(Data for this task)
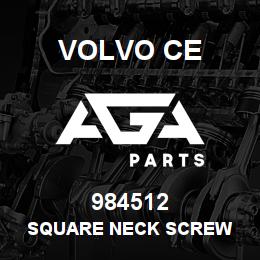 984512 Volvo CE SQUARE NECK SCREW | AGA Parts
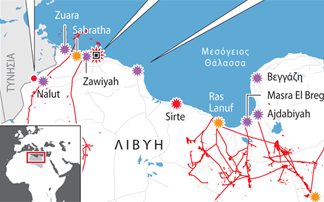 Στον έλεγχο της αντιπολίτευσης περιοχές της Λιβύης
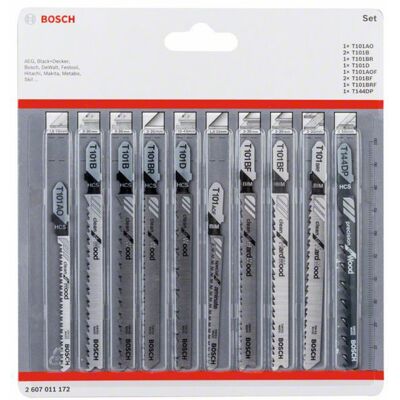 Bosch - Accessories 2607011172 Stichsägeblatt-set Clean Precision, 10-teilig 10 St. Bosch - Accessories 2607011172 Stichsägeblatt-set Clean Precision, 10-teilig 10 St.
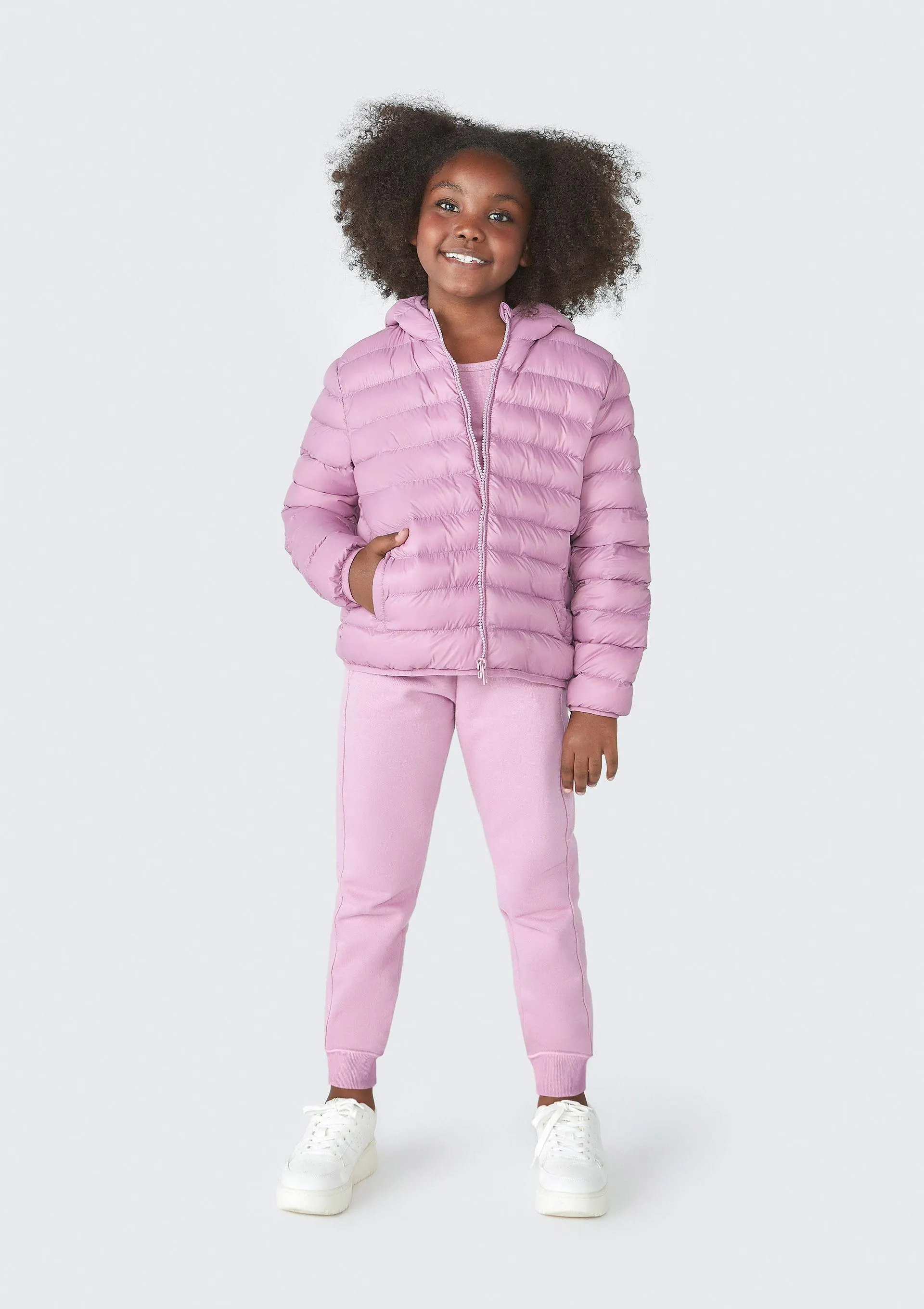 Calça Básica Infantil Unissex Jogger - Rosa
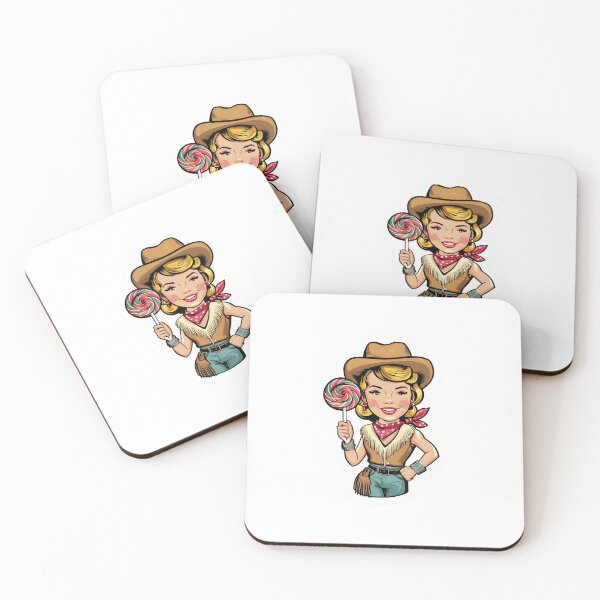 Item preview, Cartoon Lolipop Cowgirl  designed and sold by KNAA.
(End Data for this task)
Brief: The preceding entries are to be returned verbatim, with every picture excluded.

Result of the task:
 984512 Volvo CE SQUARE NECK SCREW | AGA Parts
 Στον έλεγχο της αντιπολίτευσης περιοχές της Λιβύης
 Bosch - Accessories 2607011172 Stichsägeblatt-set Clean Precision, 10-teilig 10 St. Bosch - Accessories 2607011172 Stichsägeblatt-set Clean Precision, 10-teilig 10 St.
 Calça Básica Infantil Unissex Jogger - Rosa
 Item preview, Cartoon Lolipop Cowgirl  designed and sold by KNAA.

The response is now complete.